- **ABOUT THIS EXERCISE**
Retype, word for word, the line holding "玩魔方的视频,跟随视频轻松掌握魔方玩法" and each line after it down to the end of the data; pictures are not copied.

- **SOURCE MATERIAL**

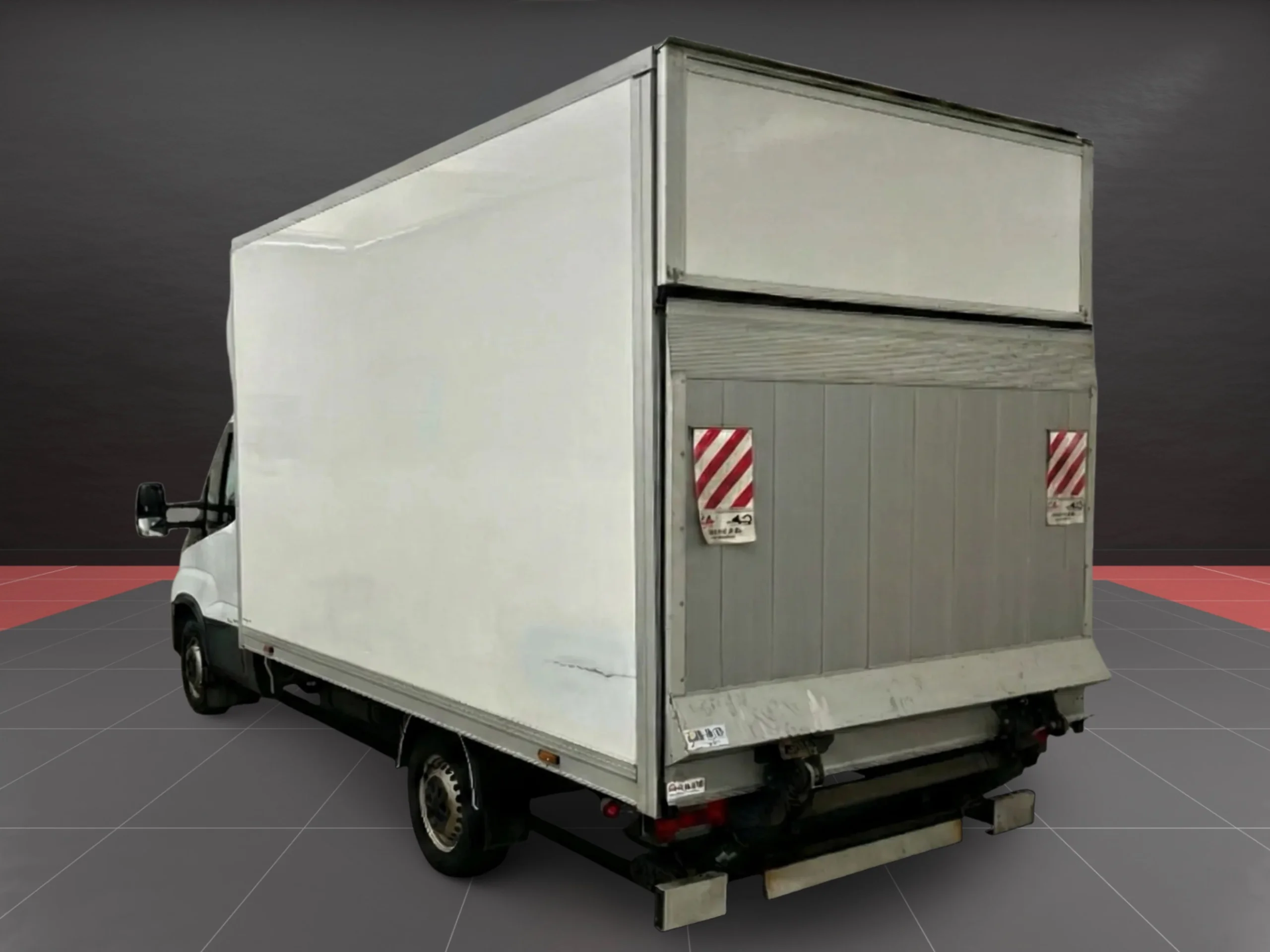 Iveco Daily Carrozado L4 Con Trampilla y Puerta lateral 136CV - Foto 6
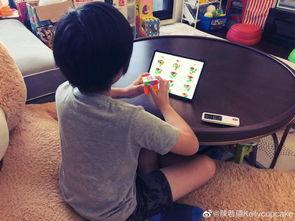 玩魔方的视频,跟随视频轻松掌握魔方玩法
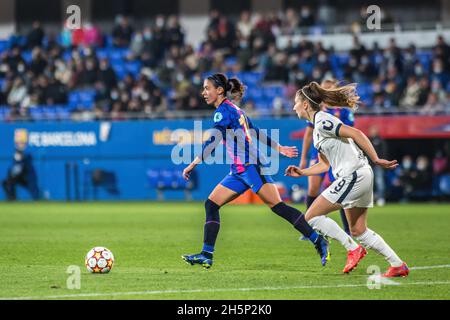 Barcelona, Spanien. November 2021. Aitana Bonmatí (L) vom FC Barcelona und Katharina Naschenweng (R) von Hoffenheim im Einsatz während des UEFA Women's Champions League-Spiels zwischen dem FC Barcelona Femeni und der TSG 1899 Hoffenheim Frauen im Johan Cruyff Stadium.Endstand; FC Barcelona Femeni 4:0 TSG 1899 Hoffenheim Frauen. Kredit: SOPA Images Limited/Alamy Live Nachrichten Stockfoto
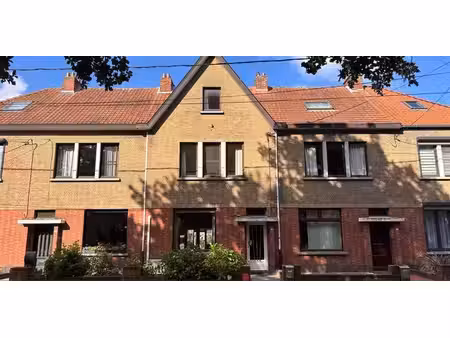 maison à louer à genk pour € 975 avec 3 chambres à coucher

- **RESULT**
 玩魔方的视频,跟随视频轻松掌握魔方玩法
 Barcelona, Spanien. November 2021. Aitana Bonmatí (L) vom FC Barcelona und Katharina Naschenweng (R) von Hoffenheim im Einsatz während des UEFA Women's Champions League-Spiels zwischen dem FC Barcelona Femeni und der TSG 1899 Hoffenheim Frauen im Johan Cruyff Stadium.Endstand; FC Barcelona Femeni 4:0 TSG 1899 Hoffenheim Frauen. Kredit: SOPA Images Limited/Alamy Live Nachrichten Stockfoto
 maison à louer à genk pour € 975 avec 3 chambres à coucher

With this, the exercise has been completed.